Again it takes time and trust to witness what is going on. And surprisingly, it’s the rebel commander who helps our team get a snapshot of what is going on.
We spend two days on visits short, and long, to a three-generation extended family housed in a basic two-room apartment.
An elderly lady riddled with arthritis attempts to welcome us. She had to leave the old happy home in which she once lived. It was close to the front line and in the range of Assad army snipers.
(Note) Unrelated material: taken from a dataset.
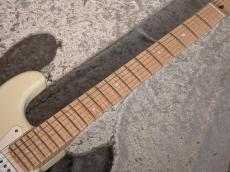 Fender Custom Shop MBS 1956 Stratocaster by Todd Krause 2005年製【3.33kg】_6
The four daughters, their husbands, and, it’s hard to comprehend, 22 young children are imprisoned in this desperate environment.
None of the adults have any prospect of finding paid work. The children are confined and have no toys, and no prospect of going to schools, because they’re all closed.
Since the rebel gains back in August, jobs are all but impossible to find. This family is destitute – not a dime in their hands. The rent hasn’t been paid for four months.
Sabiha, a widow who’s 65 and who aside from her arthritis needs minor abdominal surgery, is on the brink of a breakdown.
“I have one blanket and one pillow. What can I do for my family, my poor grandchildren?” she says.
I ask her who does she support – Assad or the opposition forces?
She responds: “I don’t know, I don’t care. I need something so that we can live. I have nothing … you can search this apartment and you won’t find anything. Poverty is killing us.”
We walk with two of her grandsons, eight and nine years old to a bakery. They take their turns at collecting the daily bread, cutting their queueing time because an uncle who has a rare four hour a day job in the nearby bakery helps them.
We meet one of their brothers who also does the bread run. He is 12 and when the uncle isn’t working can spend up to seven hours getting the bread.
Sabiha cannot leave Aleppo. And her son, daughters and grandchildren can’t afford to take the often costly trail of refugees out of the country. In any case, they don’t want to leave the dominant family matriarch.
They are among tens of thousands in the same situation.
It seems for them a lifetime ago that they inwardly felt angry about the iron fist of Assad rule.
But now their expressions, everything they intimate, screech out the same sentiment as the weeping man in a shisha bar: What can we do?
There is no-one to help them. And when I search around trying to find some strand of hope, I hear a slightly different message on the suspicious streets of this once bustling, commercial hub city.
It goes like this: “We want our lives back.”
When will that happen?
You’d have to be brave, or psychic, to hazard a guess.